May 24, 2014 — CANADA (SUN) — A serial presentation of the holy places mentioned in the Jaiva Dharma of Srila Bhaktivinoda Thakur - Part 96.

Mithila is also known as Videha, Tirhut, and Tirbhukti, and these names are sometimes mentioned in sastra. For example, in Sri Chaitanya Bhagavat, Adi 2, we read that "Sri Paramananda Puri, who was Lord Chaitanya's close associate in Nilacala, appeared in Trihut, in Mithila, Bihar."

Another associate of Sri Chaitanya Mahaprabhu's who hailed from Mithila is Sri Raghupati Upadhyaya. He was a Brahmin born in Tirhut, in the Sitamari subdivision of Darbhanga district in Bihar state. Tirhut (or Tiruhita), was also the name for a kingdom which included the four modern districts of Darbhanga, Sitamarhi, Muzaffarpur and Champaran in northwestern Bihar.

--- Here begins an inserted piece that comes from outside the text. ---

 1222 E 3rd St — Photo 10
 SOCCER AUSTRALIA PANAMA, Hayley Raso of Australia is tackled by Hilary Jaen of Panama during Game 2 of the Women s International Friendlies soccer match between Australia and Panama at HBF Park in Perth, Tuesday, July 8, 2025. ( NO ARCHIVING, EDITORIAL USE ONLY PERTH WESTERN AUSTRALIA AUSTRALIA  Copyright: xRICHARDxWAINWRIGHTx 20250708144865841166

When Sri Chaitanya heard Raghupati Upadhyaya's verses, he became overwhelmed with feelings of ecstatic love. Sri Raghupati offered his respects to the Lord, who blessed him, saying: "May you always remember Krishna."

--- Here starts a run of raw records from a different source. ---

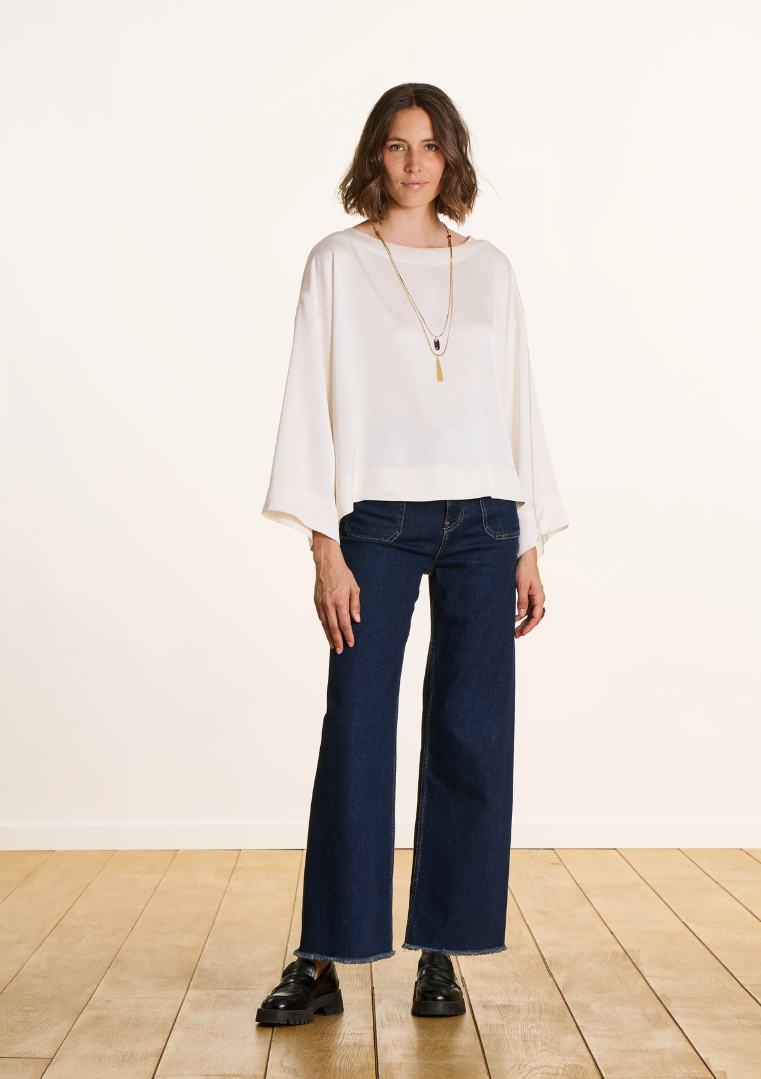 Top blanc ELTON ample en satin manches longues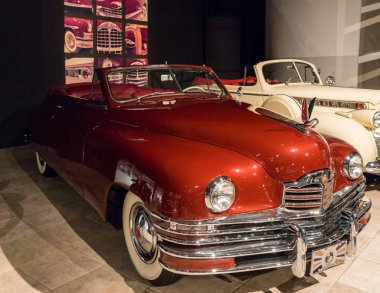 Amman, Ürdün, 07 Aralık 2018: Packard özel sekiz 1948 Cabrio Victoria adlı sergisi Amman, Jordan'ın başkenti Kral Abdullah II Araba Müzesi.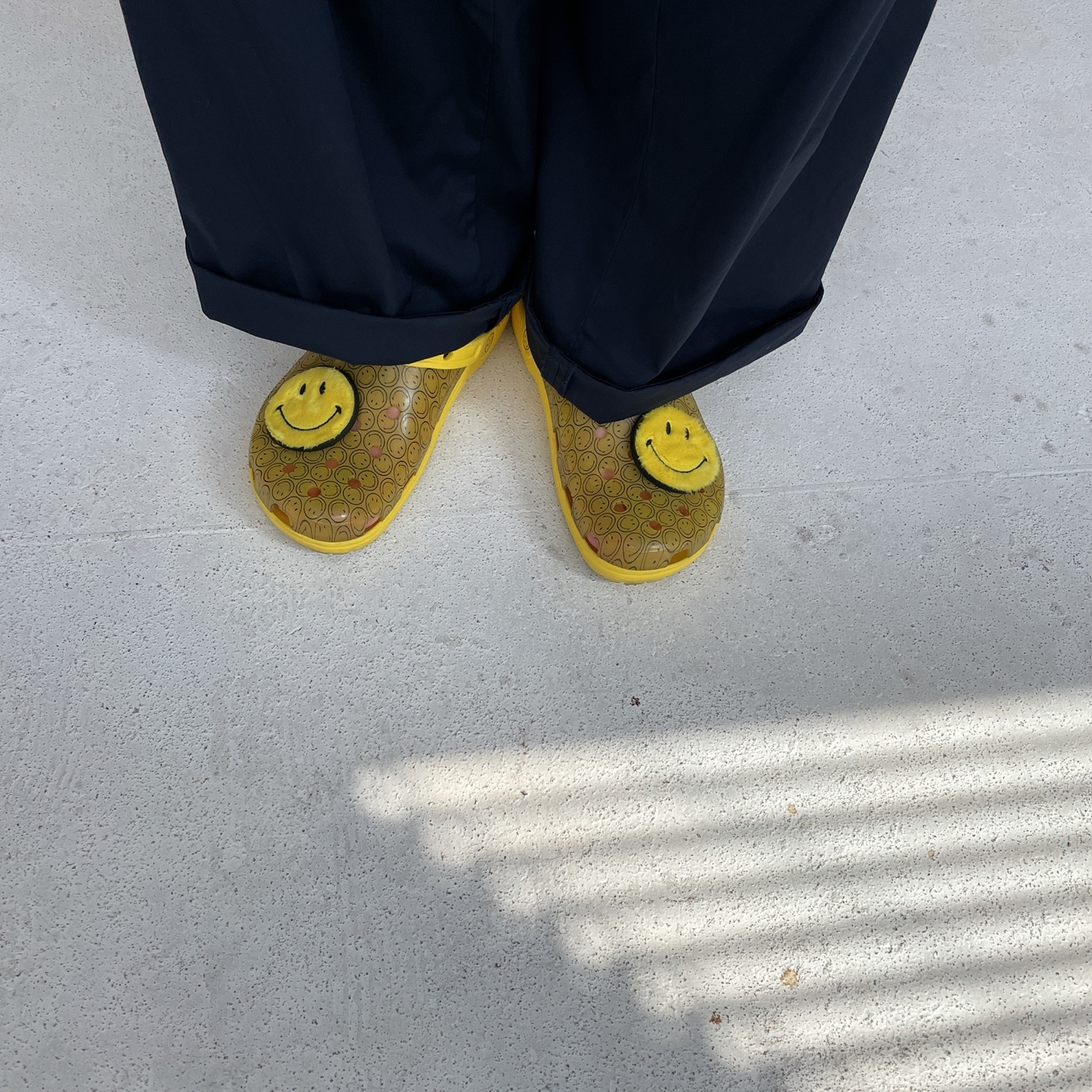 Crocs x Smiley Classic Translucent Clog 착용 스타일 - 2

Srila Rupa Goswami later included several of these verses in his Padyavali. Srila Krishnadas Kaviraja described the meeting of Raghupati with the Lord in Caitanya-caritamrita Madhya 19. The two met when the Lord was in Prayag and had gone to visit Vallabhacharya in Ariail.

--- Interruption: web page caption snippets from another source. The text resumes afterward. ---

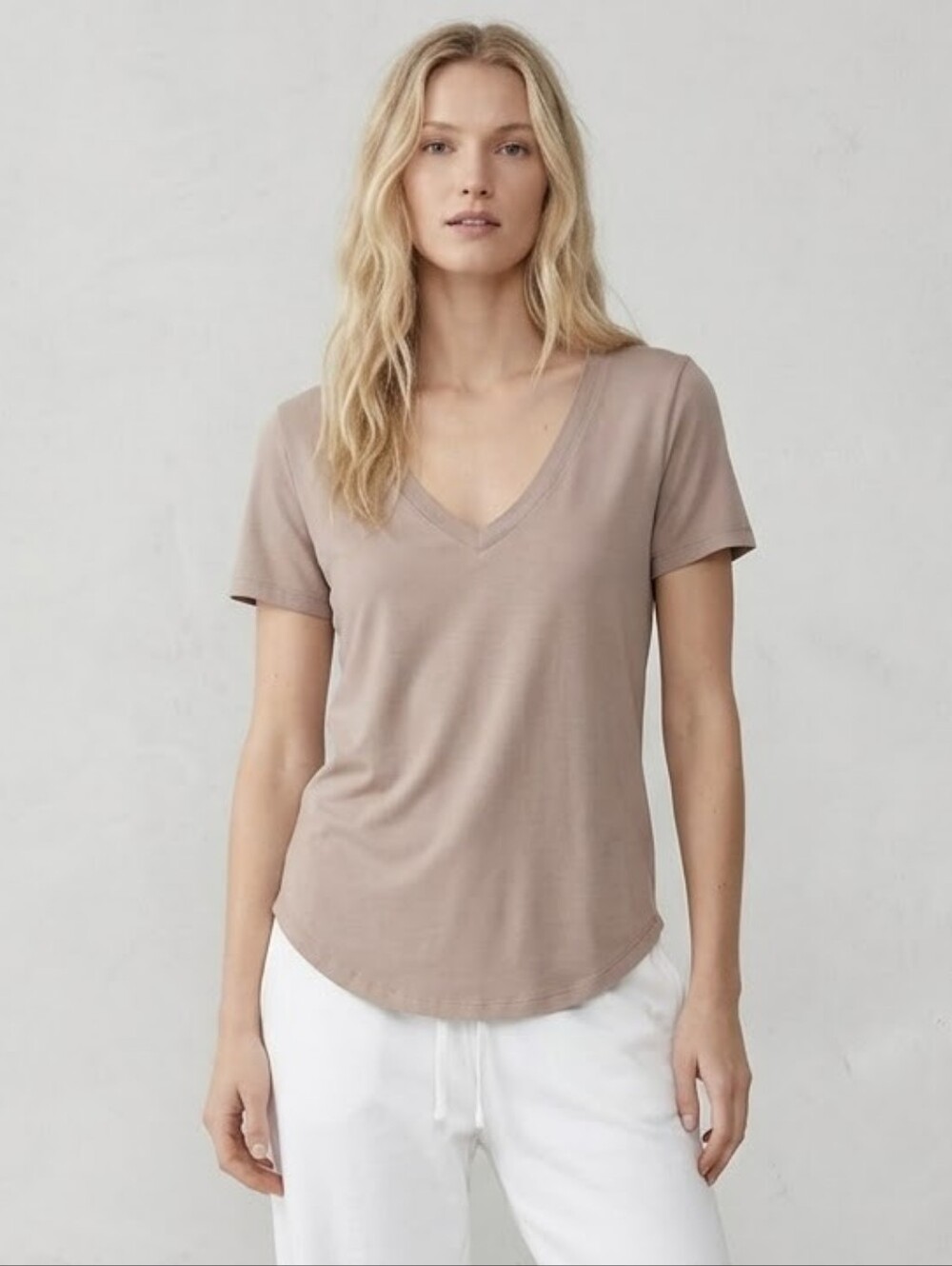 Aritzia The Group by Babaton Foundation V-Neck T-Shirt Humus Beige Size XS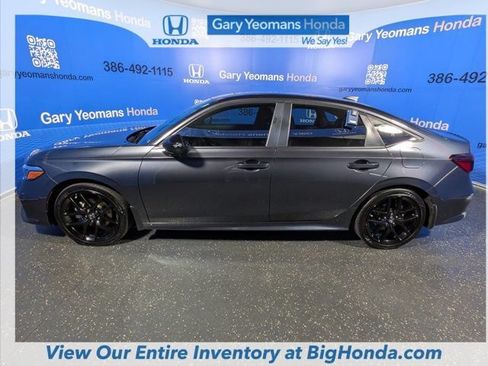 Used 2025 Honda Civic Sport image 10
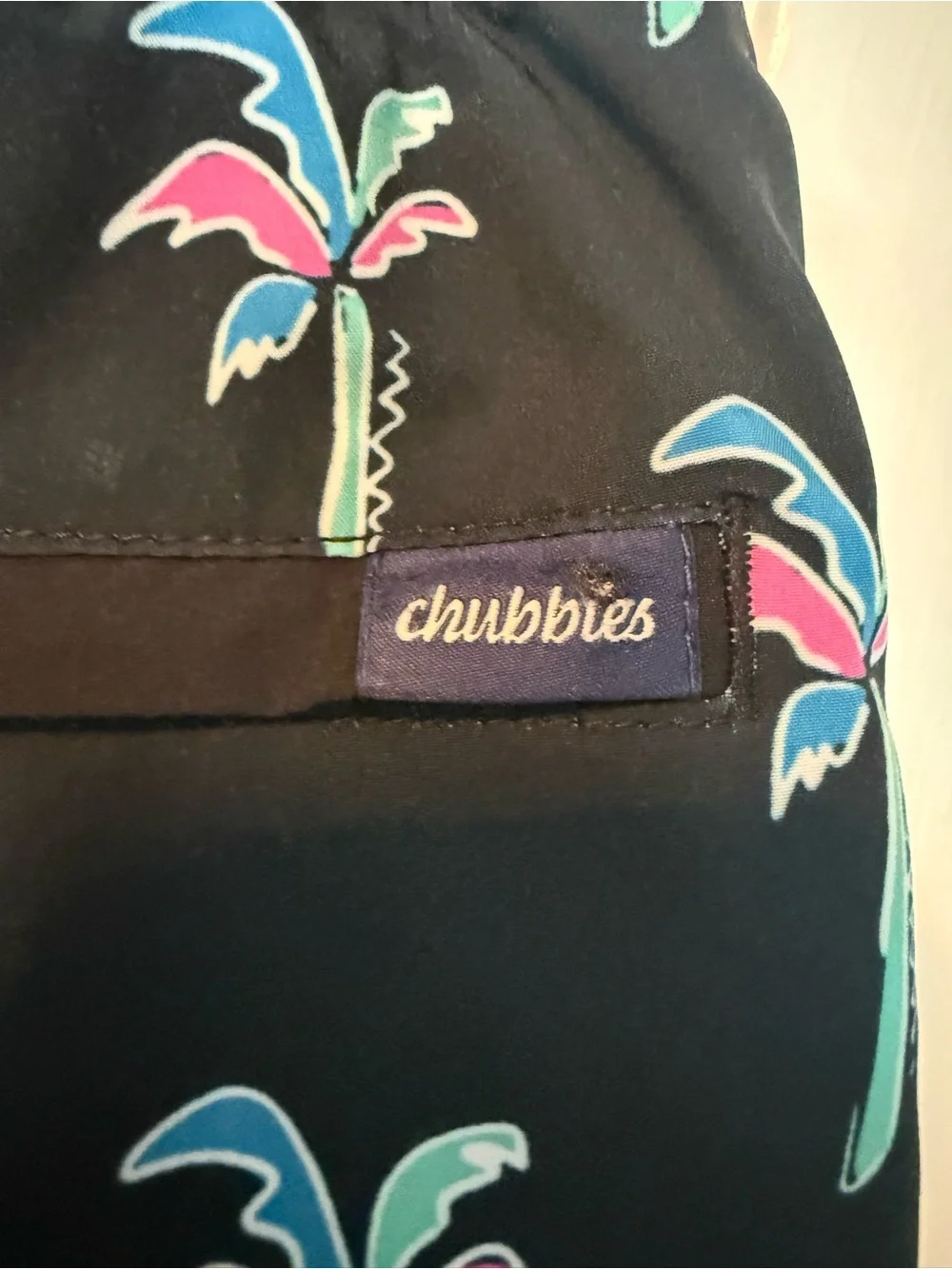 🌴 Chubbies Havana Nights Classic Swim Trunks | Youth Large (14/16) | Mesh Liner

There are several other associates of Lord Chaitanya who are associated with Mithila, one of whom is Sarvabhauma Bhattacharya. His expert command of Vaisnava philosophy eclipsed even the great pandits of Mithila:

    "The original name of Sarvabhauma Bhattacarya was Vasudeva Bhattacarya. His place of birth, which is known as Vidyanagara, is about two and a half miles away from the Navadvipa railway station, or Caipahaoi railway station. His father was a very much celebrated man of the name MahesvaraVisarada. It is said that Sarvabhauma Bhattacarya was the greatest logician of his time in India. At Mithila, in Bihar, he became a student of a great professor named Paknadhara Misra, who did not allow any student to note down his explanations of logic. Sarvabhauma Bhattacarya was so talented, however, that he learned the explanations by heart, and when he later returned to Navadvipa he established a school for the study of logic, thus diminishing the importance of Mithila. Students from various parts of India still come to Navadvipa to study logic. According to some authoritative opinions, the celebrated logician Raghunatha Siromani was also a student of Sarvabhauma Bhattacarya's. In effect, Sarvabhauma Bhattacarya became the leader of all students of logic. Although he was a grhastha (householder), he even taught many sannyasis in the knowledge of logic."

The defeat of yet another of Mithila's smrta brahmanas, Murari Pandit, is described in the Narottama Vilasa by Narahari dasa:

"Shivananda Acharya and smarta pandits there were thus defeated by the conclusions given by the brahmana boys. Shivananda began to deeply consider: "If a great pandit were here, he could defeat all this and belittle the position of Vaishnava dharma by counter-argument and word jugglery. Shivananda Acharaya brought a great mahapandit from Mithila named Murari. At that time, for the purpose of having a debate, he called for his sons and told them that he wanted them to explain before a public assembly their conclusions that a Vaishnava is better than a brahmana.

Shri Harinam and Shri Rama Krishna remembering the lotus feet of their guru maharaja explained the siddhanta or conclusions of the Bhagavatam, and the arguments of the smartas were so utterly cut to pieces that when it was his turn to speak the great smarta Mahapandit Murari was unable to put forward any arguments in response. When it was all over, the mahapandit fled the assembly in great embarrassment with his head held low and accepted the occupation of a beggar."